### Task goal
Leave the pictures out, and repeat exactly every line from the one with "Falcon Eyes Reflexschirm" through the end of the data below.

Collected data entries
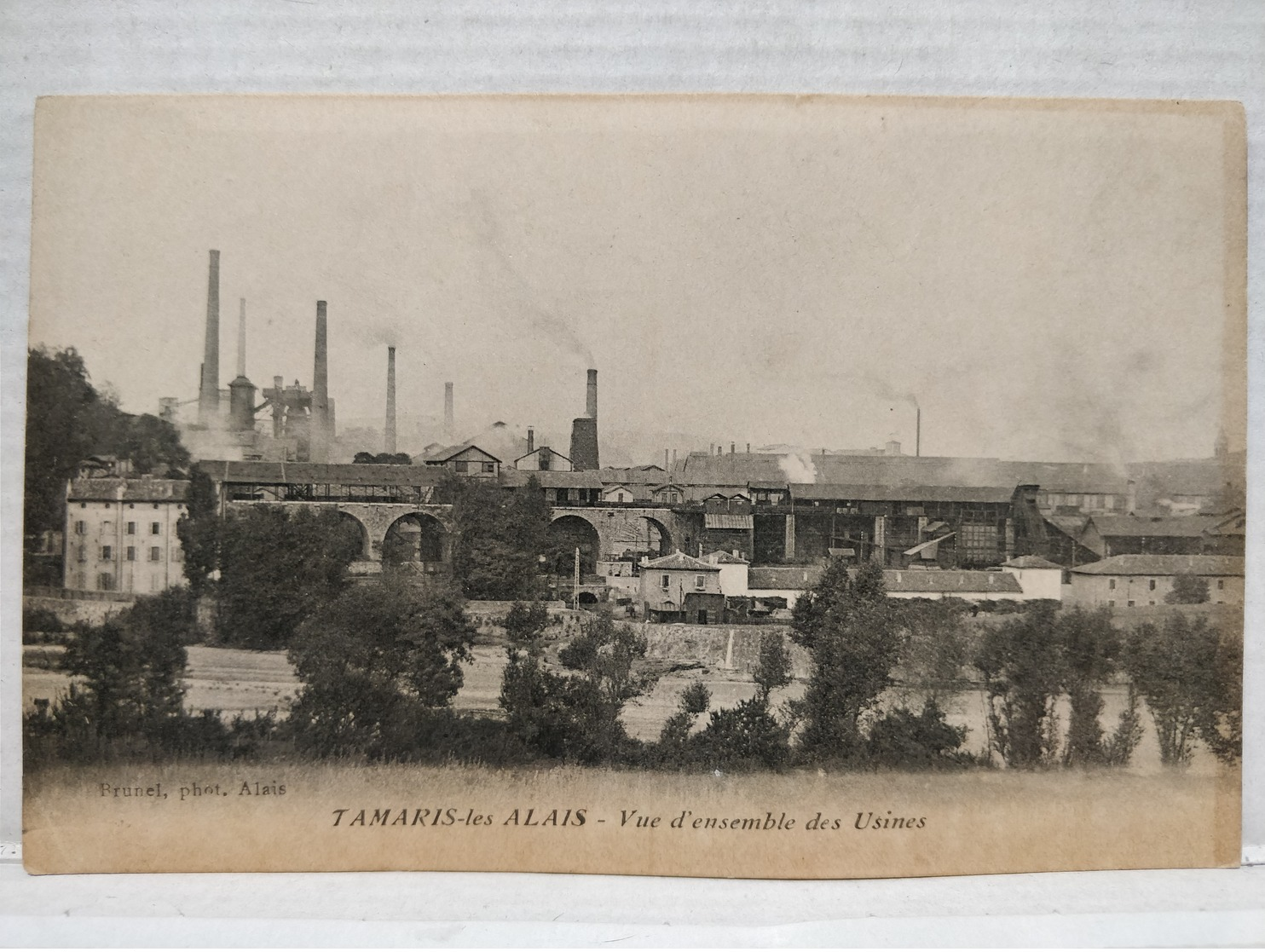 Tamaris-les-Alais. Vue D'ensemble Des Usines - Alès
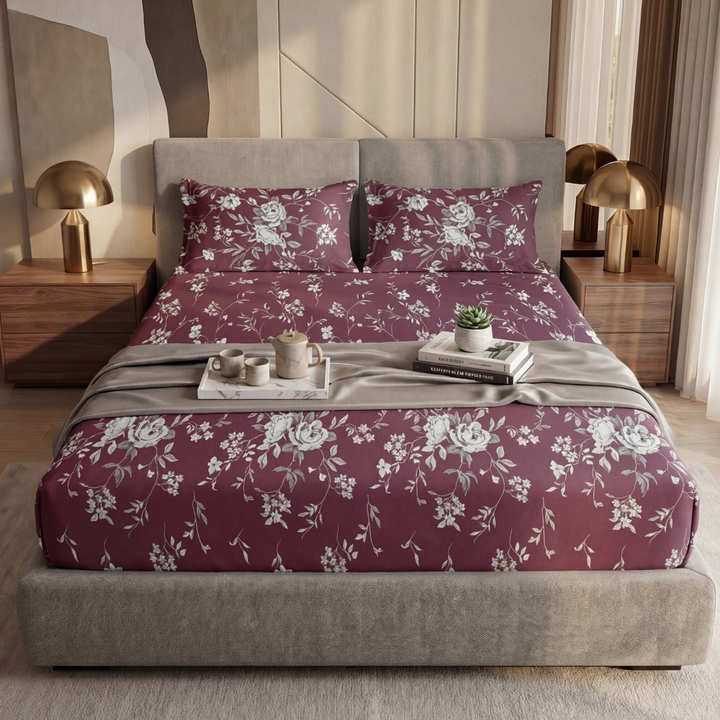 WALDORA FITTED SHEET - (PREMIUM)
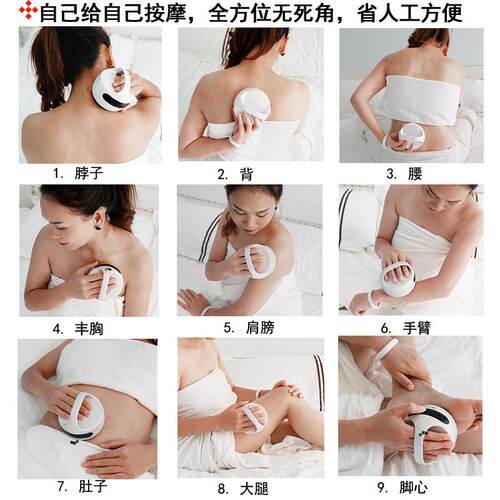 正品家用电动按摩肩神筋甲缝富贵包肩颈尼全椎身脖子颈肩周腰椎膜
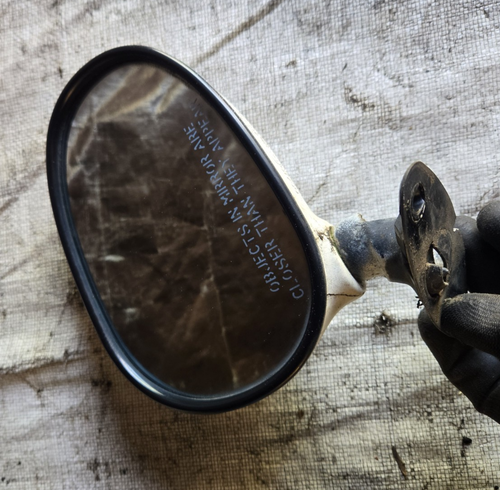 90-97 Mazda Miata MX5 NA OEM RH Right Passenger Side Power Mirror (damage) - Picture 3 of 10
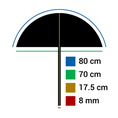 Falcon Eyes Reflexschirm UR-32G Gold/Weiß 80 cm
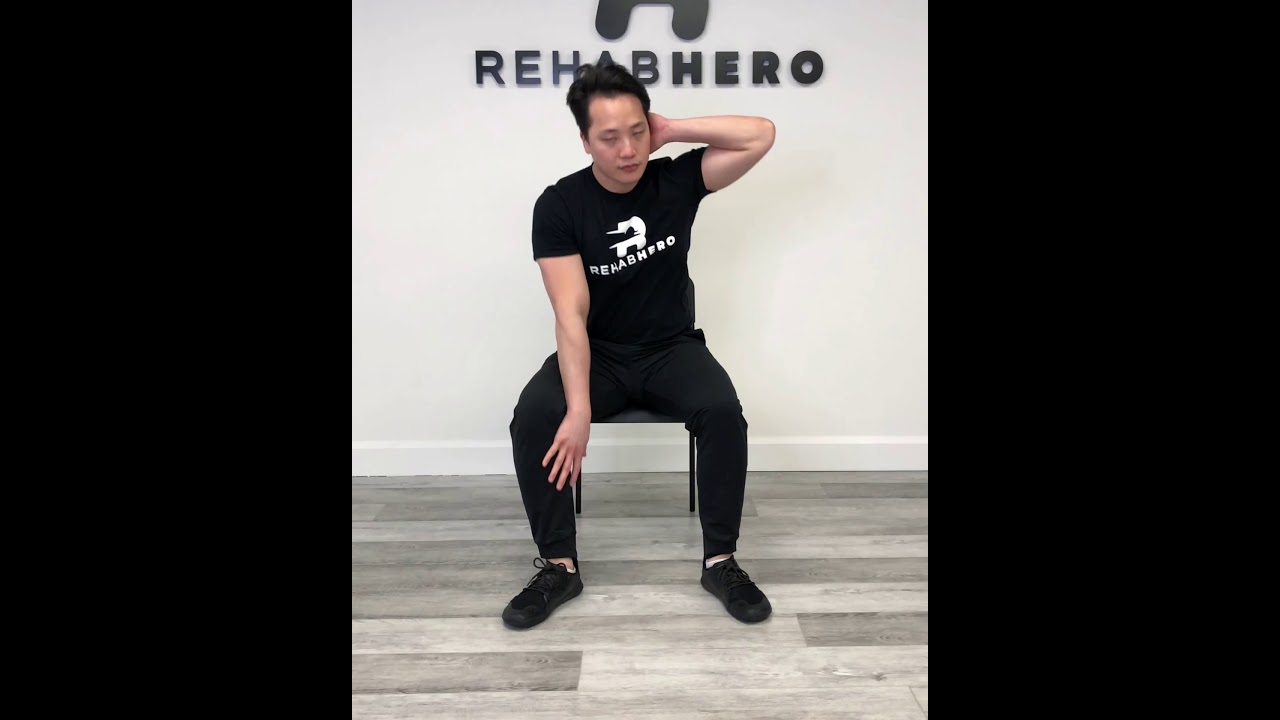Improve your thoracic rotation and upper back mobility with this exercise - Seated Floor Taps - YouTube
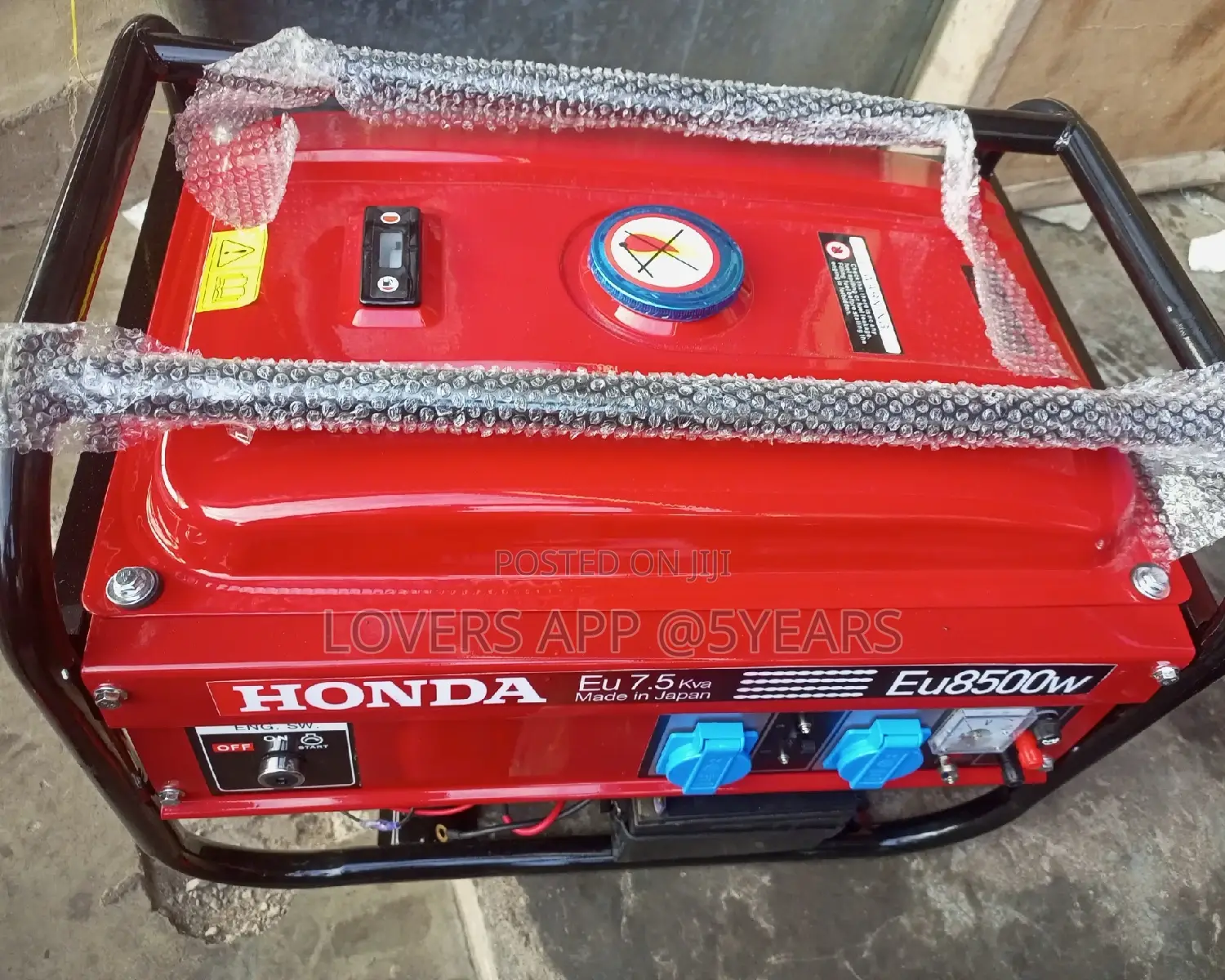 Super Strong Honda Generator Keystart Japan Made 7.5kva8500w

### Answer space
 Falcon Eyes Reflexschirm UR-32G Gold/Weiß 80 cm
Improve your thoracic rotation and upper back mobility with this exercise - Seated Floor Taps - YouTube
 Super Strong Honda Generator Keystart Japan Made 7.5kva8500w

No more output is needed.